Failure to Prevent Elopement Due to Inadequate Supervision and Exit Door Security
Penalty
Summary
A deficiency occurred when the facility failed to provide adequate supervision and ensure the proper functioning of an exit door, resulting in a resident eloping from the premises. The facility's policy on elopement protocols requires all staff to report any resident attempting to leave or suspected of being missing, and defines elopement as leaving the grounds of the nursing home. Despite this, a resident with a history of cerebral infarct, altered mental status, cognitive impairment, and daily wandering behaviors was able to exit the facility unsupervised. The resident's care plan identified him as an elopement risk due to disorientation and impaired safety awareness, with documented behaviors of attempting to leave the facility and trying to use door codes. On the day of the incident, staff last observed the resident in the hallway in the morning, but he was later found missing when a nurse went to administer medications. Staff searched for the resident, who was eventually found by the roadside by members of the public after he had fallen.

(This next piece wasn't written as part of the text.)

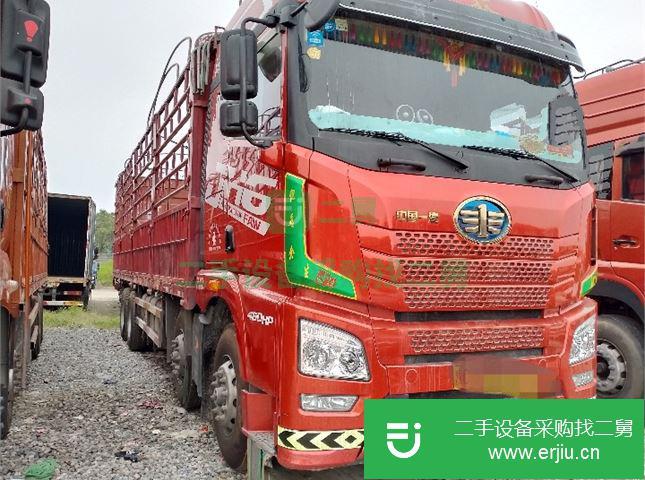 江西出售二手青島解放貨車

The resident was transported to the hospital and later reported that he had left to go to a store, though he did not recall the incident during a subsequent interview. Interviews with staff revealed that the exit door at the end of the hallway, which the resident used, was not properly secured at the time of the incident. The maintenance director stated that he regularly checked the doors and changed codes, but acknowledged that residents observed staff entering codes and shared this information. Multiple staff members confirmed that the resident frequently checked doors to see if they were open, and housekeeping staff were instructed to ensure doors were locked when taking out the trash. The failure to provide adequate supervision and ensure the exit door was functioning properly directly contributed to the resident's elopement.